Cuando ésta estalló y los bancos comenzaron a desmoronarse, los neoliberales se quedaron afónicos exigiendo la protección del Estado. Archivaron sus doctrinas de libre comercio y reclamaron la salvación del sistema financiero argumentando que, dado que los bancos y las grandes empresas son las que bombean el dinero requerido por toda la sociedad, debían ser preservadas con fondos públicos de esa sociedad. Desde mediados de 2007 se han venido incrementando las masivas inyecciones de dinero, extraído mágicamente de los impuestos de los contribuyentes, en un intento por evitar el colapso de los más grandes bancos y empresas, principales responsables de la crisis. En un mundo en el que se aseguraba que no hay dinero para las pensiones, para el seguro de desempleo, para la educación, para la sanidad, ahora resulta que sí que hay dinero, que éste fluye por encanto. Hace unos meses, el anterior presidente de EE.UU., Bush, se negó a firmar una ley que ofrecía cobertura médica a nueve millones de niños y niñas pobres por un coste de 4.000 millones de euros. Lo consideró un gasto inútil. Después, para salvar a los banksters («banqueros gánsteres») de Wall Street nada le parecía suficiente.
No existe, ni ha existido nunca, el denominado «libre mercado». Es una falacia que, a base de oírla, repetida una y otra vez por determinados políticos y medios de comunicación, nos la hemos creído ingenuamente. Cuando esos mercados tienen problemas no se les deja que «libremente» los solucionen, como cuando tienen grandes beneficios y entonces, sí que se reparten los dividendos «libremente». Se confirma así una ley del cinismo neoliberal: Privatizados ya los beneficios, en cuanto resultan amenazadas las inversiones financieras, se socializan las pérdidas. Como ya advertía Galbraith, cuando se trata de los empobrecidos, la ayuda y el subsidio del gobierno resultan sumamente sospechosos en cuanto a su necesidad y a la eficacia de su administración a causa de sus efectos adversos sobre la moral y el espíritu de trabajo. Esto no reza, sin embargo, en el caso del apoyo público a quienes gozan de un relativo bienestar. No se considera que perjudique al ciudadano el que se salve de la quiebra a un banco. Los relativamente opulentos pueden soportar los efectos morales adversos de los subsidios y ayudas del gobierno; pero los pobres no.

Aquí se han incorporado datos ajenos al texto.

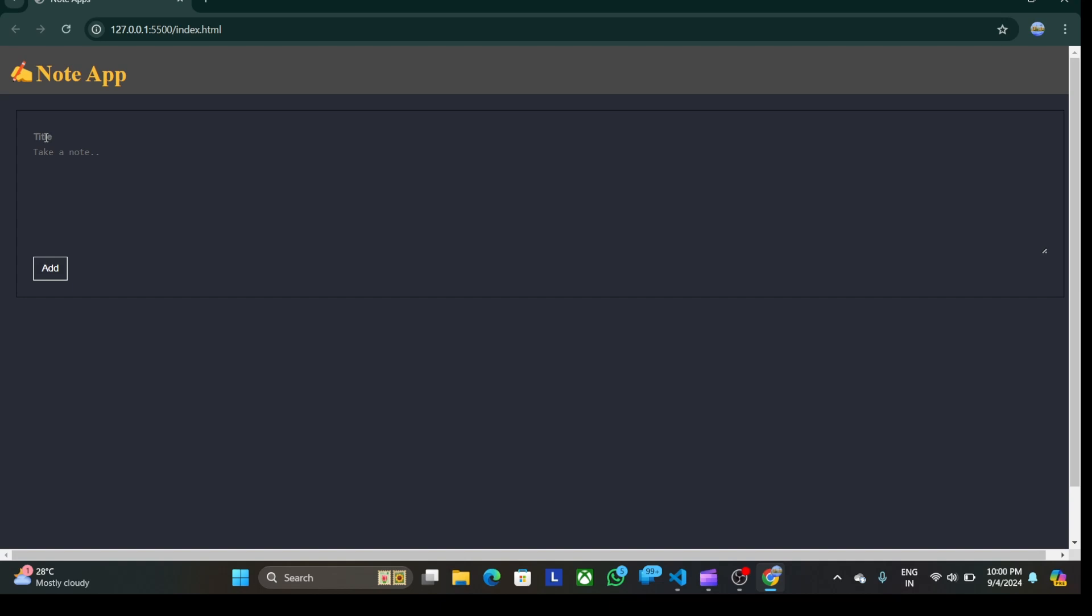So in the title box I write a daily task, and in the second section, take a note, I will write hello. And simply I click on the add button. So as you can see, the data is added.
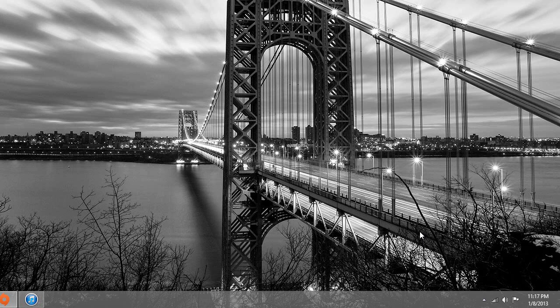Hey guys, iPod Apps Weekly here, and today I'm going to be changing the lock screen wallpaper for Windows 8.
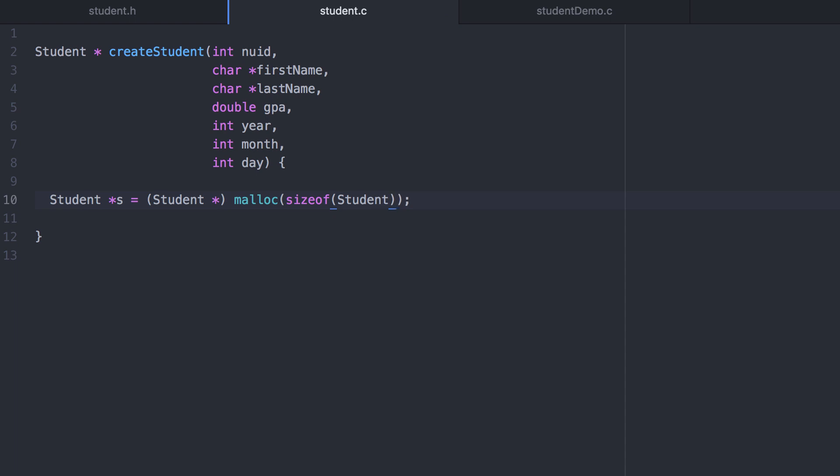As long as you've properly declared the structure the compiler is smart enough to be able to go to it and count up the number of bytes that each member variable takes. Now strictly speaking this multiplication by one is not necessary but I want to drive home the point that I'm only creating one. In the next part we'll discuss how to create an array of structures in which case you'd want more than one.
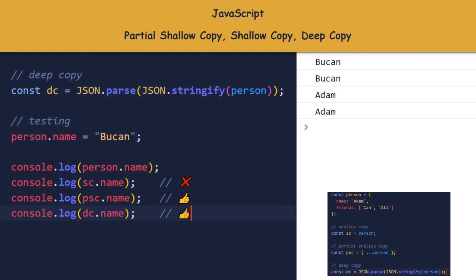When I changed person.name, psc.name and dc.name did not change. This means that they are not using the same reference as person.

Parece que la apuesta de los gobiernos del norte es una política de reflotamiento de las instituciones económicas y financieras sin cambiar nada de fondo. De hecho, las medidas gubernamentales europeas y mundiales, con ayudas a la banca y a las grandes empresas, tienen como finalidad primordial impedir el colapso del sistema, no enfrentarse al dominio de los mercados financieros sobre la economía real y poner ésta al servicio de la sociedad. No sólo están confiando el diseño de la política anticrisis a los mismos grupos de interés que nos han conducido a esta situación, con su increíble combinación de codicia y dogmatismo económico, sino que, de hecho, esas inyecciones financieras permiten que la gran banca siga haciendo sus negocios de alto riesgo sabiendo que el dinero público estará siempre disponible para su salvación.

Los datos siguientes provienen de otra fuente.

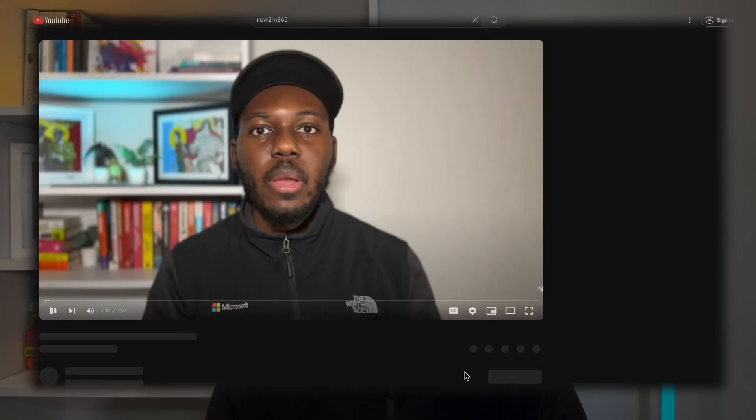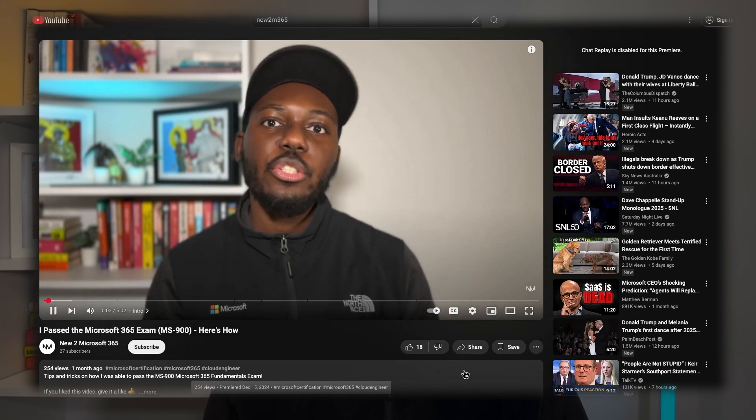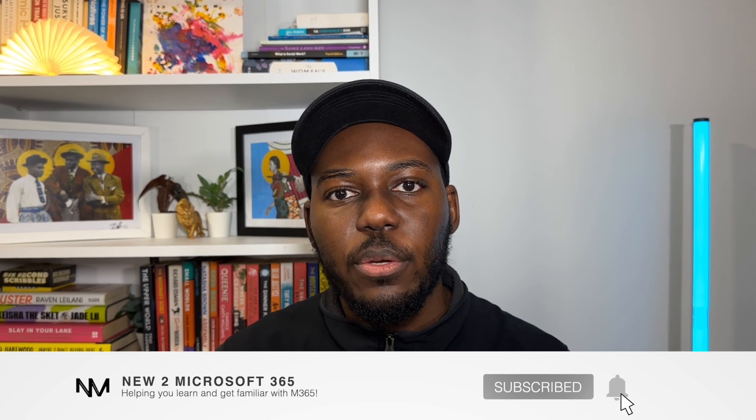Hopefully this video has helped you understand a little bit more about the different paths when trying to become a Microsoft 365 engineer, admin, or consultant. If you need help with the start of your certification journey with the MS-900, I've got a video out explaining how I passed the MS-900 myself within just two weeks. Thank you for watching — don't forget to like, share, and subscribe, and I'll see you next time.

En definitiva, cualquier medida se ha convertido en un callejón sin salida en el marco del capitalismo neoliberal. Porque no sólo se está cuestionando la legitimidad del paradigma neoliberal, sino el propio futuro del capitalismo en sí mismo. Por ello, no se trata de refundar el capitalismo, sino de construir el socialismo democrático del siglo XXI que dé a la ciudadanía control real y efectivo sobre los recursos del planeta y sobre las decisiones que afectan a sus vidas.